### Problem details
Go through the listing below and retype exactly the lines starting at the one with "2012 VOLKSWAGEN FOX" and ending at the one with "Lululemon Athletica Solid", skipping pictures.

### Data supplied
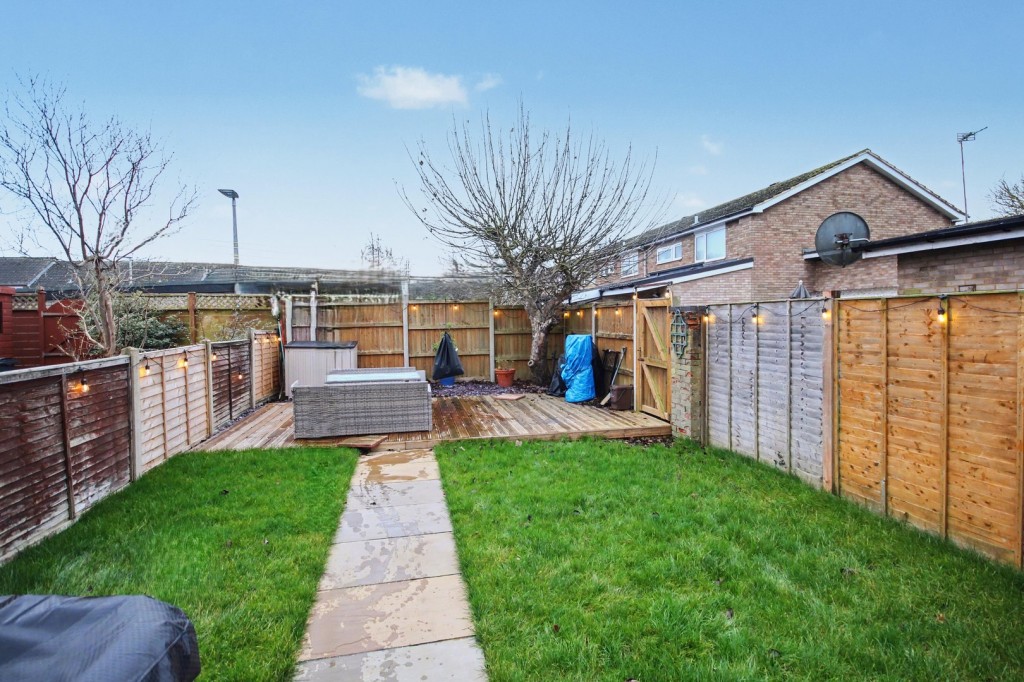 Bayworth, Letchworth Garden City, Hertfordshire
--
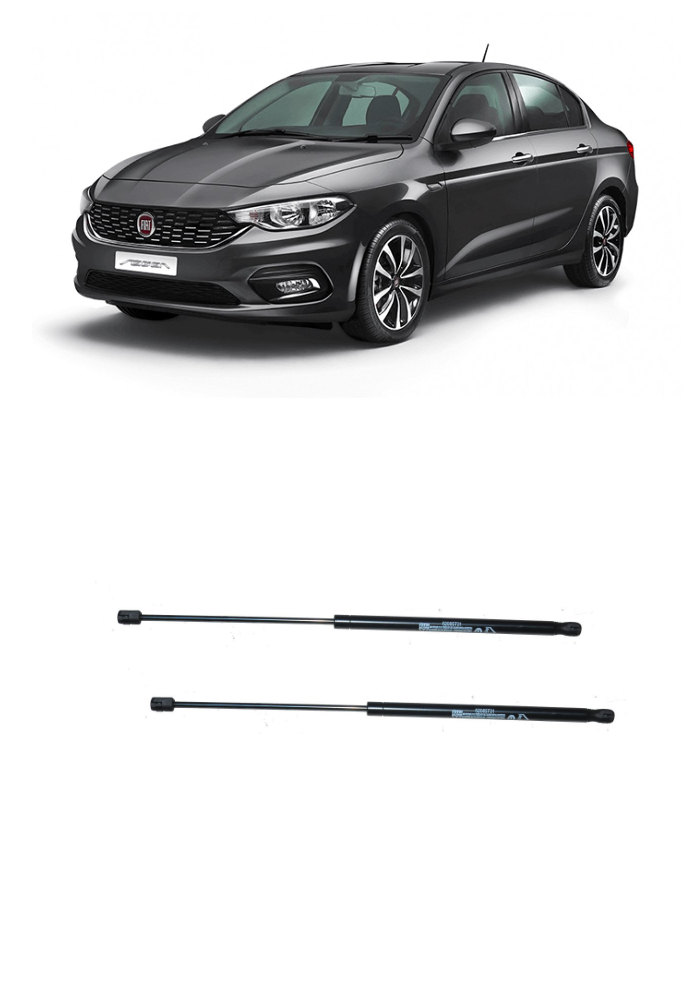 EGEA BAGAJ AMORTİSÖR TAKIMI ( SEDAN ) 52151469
---
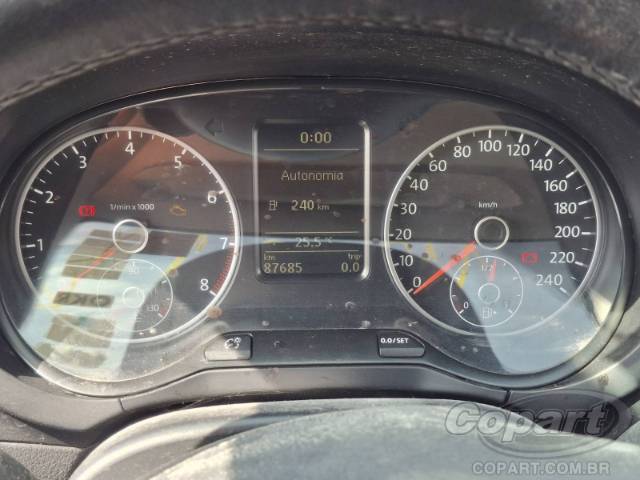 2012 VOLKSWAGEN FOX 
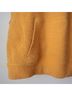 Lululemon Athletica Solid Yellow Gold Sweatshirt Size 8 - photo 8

### Output
 2012 VOLKSWAGEN FOX 
 Lululemon Athletica Solid Yellow Gold Sweatshirt Size 8 - photo 8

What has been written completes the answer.